ACloudGuru AWS Lambda Notes

How to use and setup AWS Lambda

Lambda

You lose control over the environment. You have to use what they provide. Lambda is a function as a service tool.

It isn't serverless in itself but it is apart of a serverless architecture.

  • Serverless is about APIs
  • Avoid solving the same problems
  • Own your app, not your dependencies

Pay as you go. Pricing matches usage

Functions as a Service

EC2 vs. Lambda

Why Lambda

  • simplicity
  • save $$$
  • easy for ops
  • easy for devs

Use cases

  • ETL Jobs
  • APIs (with API Gateway)
    • Provides Http frontend for Lambda function
  • Mobile Backends
  • Infrastructure automation
  • Data validation
    • Can use like a stored procedure to validate DynamoDB data

How Lambda Works

You are using containers that are run on EC2 instances which are not accessible by you. The containers are resource isolated. 100ms timeouts (which can be configured; they terminate regardless of the state of your process).

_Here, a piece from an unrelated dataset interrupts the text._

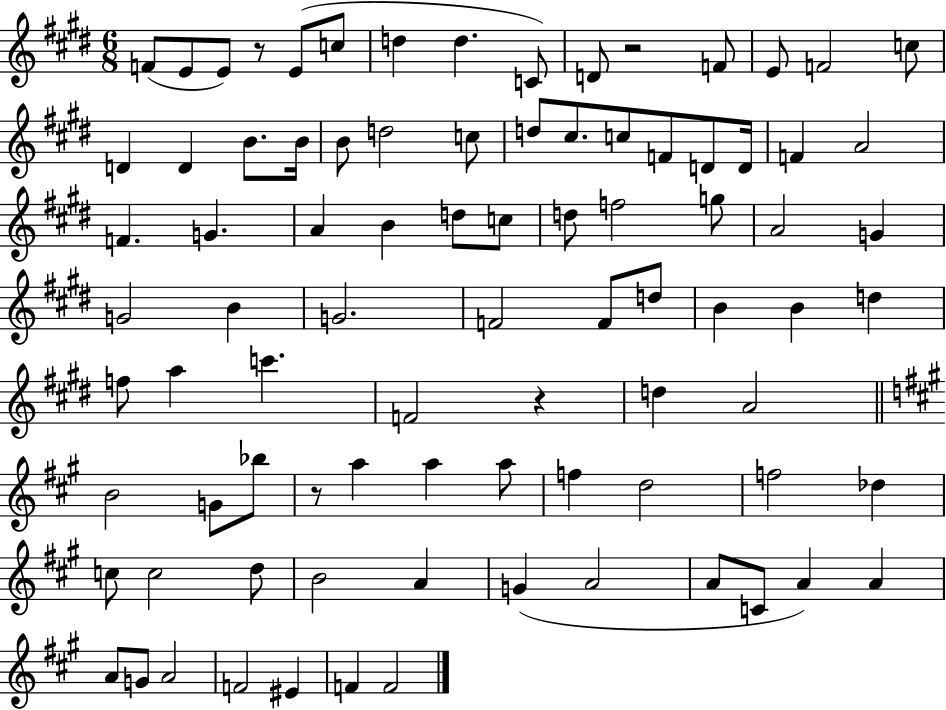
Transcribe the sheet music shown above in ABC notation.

Application is composed of:

  • Code (and dependencies)
  • Event
    • Schedules
    • S3 Events
    • DynamoDB Streams
    • Kinesis Streams
    • SNS Topics
    • API Gateway
    • SDK Invocation
  • Output (what your function sends back; either to an external service)

Example Workflow

  • S3 is an object store
  • Lambda an receive events
  • Code is stateless
  • Node.js, Python, or Java (any JVM language, Scala or Clojure)

  • Event happens
  • Function receives event
  • Custom code runs

Some event -> some code runs -> some actions happen

Lab 0 -- Hello World

Every Lambda function has a handler that is a mapping to:

  • path to the function to be run
  • Must accept 3 args: event, context, and callback
  • Uses index.js by default (node)
exports.handler = function(event, context, callback) {
	console.log("Hello Mars!");
	return callback(null, "Yo!");
}

IAM

A role can have many policies. policies have statements.

A common way to name roles is on the job that it is doing.

i.e. an image-processor role.

CPU Performance and Lambda

Memory is what changes the cost. The CPU scales with memory. Up to 1.5 GB of memory.

Finish Creation

Export the function:

Test the function:

And the test succeeded:

Wiring up CloudWatch

Cloudwatch logs are automatically collected and stored, searchable, and timestamped automatically.



Lab 1

S3

Make the bucket

aws s3 mb s3://adw-lambda-labs
aws s3 cp sample.csv s3://adw-lambda-labs

Use a blank function definition

Set the event trigger.

Event types are the events that you can receive in your Lambda function. For this lab, we'll use object created.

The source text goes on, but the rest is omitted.